With impersonal land-line phone calls more or less extinct, and with cell phones quickly becoming highly capable computers, the historically dreaded LDR has shed its negative image and adopted an almost attractive persona.

In an email to The Collegian, Andy Merolla, assistant professor in the Department of Communication Studies, said that emotionally, social media communication venues allow for partners to feel “integrated into one and other’s daily lives.” And monetarily, it’s cheap.

“Some people even say that periods of long-distance relating can, in the long run, strengthen relationships because partners learn new ways of communicating with one another,” Merolla said.

Higgins said the distance between her and her partner assured her they were compatible on a more emotional level despite the absence of physical intimacy.

“You don’t rely on just hanging out, and you get to know the person more. That’s something I really value,” she said.

According to Merolla, distance and separation are necessary factors in most relationships.
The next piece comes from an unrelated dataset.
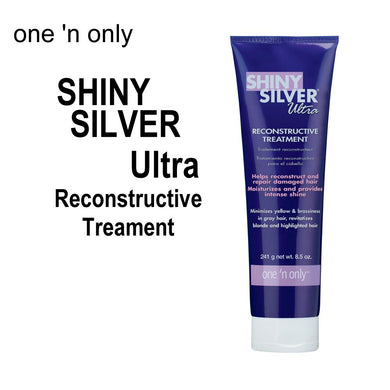 one 'n only Shiny Silver Ultra Reconstructive Treatment, 8.5 oz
Realistically, many people find that circumstances often arise, making it impossible for them to live in the same town as the people they love.
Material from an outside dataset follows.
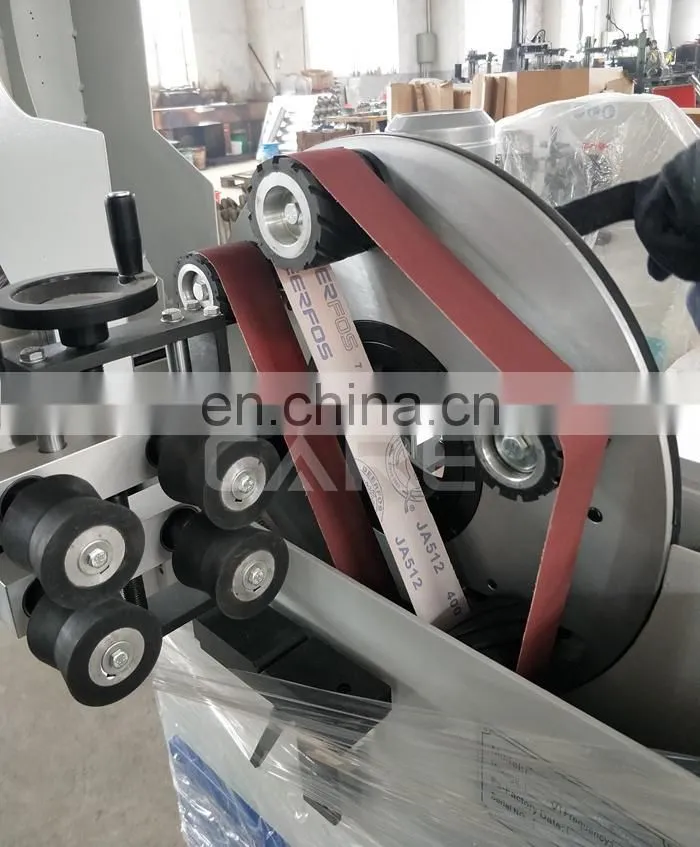 P-100 Automatic grinding belt curved pipe polishing machine for max stainless steel pipe 110mm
“All of the factors that contribute to good same-town relationships apply to long-distance ones, such as honesty, patience, kindness and active listening. Partners also have to get good at making plans for communication,” Merolla said. “Long-distance partners can get frustrated if there is uncertainty regarding when they will interact next or when they’ll have their next visit. Effective communication — which can take a lot of practice — can help partners manage these problems.”

Connor Garland, a sophomore political science major, said that during a typical week, he and his long-distance girlfriend, Jessica Knuth, keep in touch through Facebook, text messages, calls before bed and even sometimes Twitter.
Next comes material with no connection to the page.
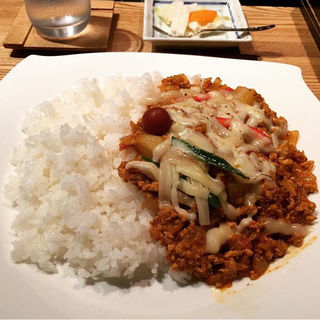キーマカレー(辛)チーズ(スパイスチャンバー （SPICE CHAMBER）)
They also make sure to plan time to see each other face-to-face.

“We try to schedule as many visits as possible and coordinate breaks around each other’s schedules,” Garland said.

Garland and Knuth are a bit of a special case: they’ve always been a long distance couple since they met while Garland was visiting a friend at Knuth’s school in Wyoming. Garland said he thinks one of the reasons the relationship works is that they’ve always been a long-distance couple.

He also admits that sometimes the distance can be tough.

“Some weeks it’s harder than others. Some weeks you don’t do a really good job of communicating,” Garland said. “A lot of people do struggle, if something is not right in front of them, to remember it’s there.”

What keeps Garland going is the future. Knuth will be moving to Denver when she graduates in May, and Garland looks forward to seeing her regularly on the weekends.

For Miner, a similar idea was key.

“With Kevin, it was just like, ‘Okay, we were together, and now we have to be apart for a while, and then it will be okay again,’” Miner said. “I was fine knowing that in the future we could be together again; that was total assurance and worth being in a long-distance relationship.”

Collegian writers Colleen Canty and Elisabeth Willner can be reached at news@collegian.com.

Tips for maintaining your long distance-relationship

Develop a regular routine for communication.
Don’t over-obsess about constant communication; don’t let your long-distance relationship detract from your same-town friendships.
Use pet names: it shows your partner just how special they are to you
Always let your partner know you are thinking about them even when you aren’t constantly communicating; short goodnight texts or messages are effective.
The love letter isn’t dead! Get out your stationery and dot your “i”s with hearts.